Pertanyaannya sekarang, seperti apa tata dunia baru yang akan terbentuk dari badai yang sempurna itu? Saat ini tak seorang pun tahu jawabannya karena semua variabel pembentuk terus berkembang dan beririsan dengan sangat dinamis ke arah yang serba samar. Namun, sistem politik internasional yang anarki sudah pasti akan jadi fundamentalnya.
Pakar politik internasional dari Universitas California, Kenneth Waltz, melalui bukunya yang berjudul, Manusia, Negara, dan Perang (1959), menyatakan, sistem politik internasional bersifat anarki. Anarki yang dimaksud bukan merujuk pada kekacauan, melainkan sebuah kondisi di mana tidak ada sistem berdaulat yang mengatasi negara-negara di dunia.
Sistem politik internasional bersifat anarki.
Dalam pemikiran kaum realis, sistem politik internasional yang anarki merupakan akar struktural terjadinya perang. Perang Rusia-Ukraina adalah contoh gamblang. Tak ada yang bisa menghentikan Rusia menyerang Ukraina sekalipun jelas-jelas Ukraina hancur.
Tak ada yang bisa menghentikan Barat membombardirkan sanksi terhadap Rusia sekalipun dampaknya menekan perekonomian berbagai negara. Tak ada pula pihak yang bisa ”ditelepon” untuk menghentikan semua agresi dan kegilaan itu. Dan ini berlaku pula untuk berbagai perang dan ketidakadilan yang terjadi di berbagai tempat lainnya selama ini.
Pakar hubungan internasional dari Universitas Chicago, John Mearsheimer, dalam bukunya, Tragedi Politik Adidaya (2001), menyebutkan, dalam sistem politik internasional yang anarki, negara-negara adidaya akan bertindak agresif satu sama lain.
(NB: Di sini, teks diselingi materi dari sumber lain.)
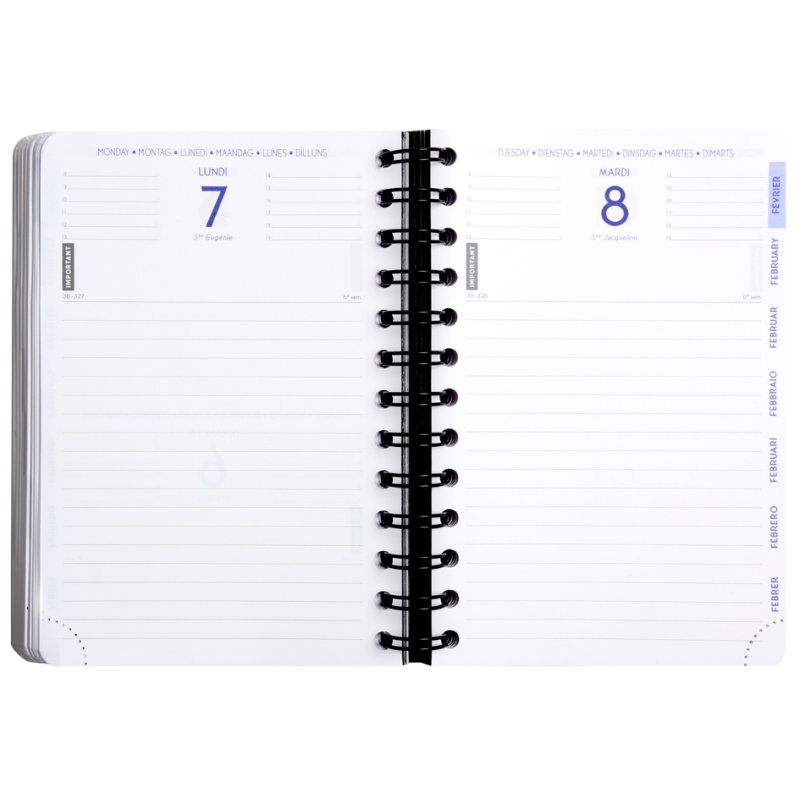 EXACOMPTA agenda Forum Black & Co, 120 × 170 mm, 1 jour par page, noir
Masing-masing terus berupaya memperluas hegemoni sekaligus membendung ekspansi rivalnya. Ini ditempuh dengan berbagai strategi sekalipun menggiring situasi mendekati perang atau bahkan perang sekalipun.
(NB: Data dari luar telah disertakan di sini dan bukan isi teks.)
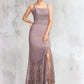 Paisley Trumpet/Mermaid Square Neckline Asymmetrical Chiffon Lace Mother of the Bride Dress DL126P0015001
Perang Rusia-Ukraina diproyeksikan akan berbuntut panjang sampai beberapa tahun mendatang meskipun, misalnya, konflik bersenjata jangka pendeknya selesai tahun ini. Sementara di cakrawala hubungan internasional, kompetisi AS-China sudah terbit sebagai lakon utama, setidaknya untuk satu dekade mendatang.
Baca juga : China Cegat Australia, AS Tempel Singapura
Belajar dari pengalaman empirik kelakuan para adidaya sejak PD I hingga kini, Mearsheimer memperkirakan, tumbuhnya China sebagai kekuatan global baru tak akan berlangsung damai. Alasannya, kepentingan ekspansi China berlawanan dengan kepentingan Washington. AS sebagai petahana adidaya global tak bisa menoleransi munculnya pesaing baru. Oleh sebab itu, konflik tidak terhindarkan.
Kalkulasi ini sekaligus menghidupkan lagi pertanyaan retorika dalam ”Blowin’ in The Wind” tentang kapan manusia menjadi dewasa dan bijak hingga tak lagi menempuh jalan perang, tetapi damai. Menafsir deskripsi Dylan, jawabannya sebenarnya dekat dan bisa dirasakan. Namun, entah bagaimana, manusia selalu gagal menggenggamnya. ”The answer, my friend, is blowin’ in the wind,” kata Dylan.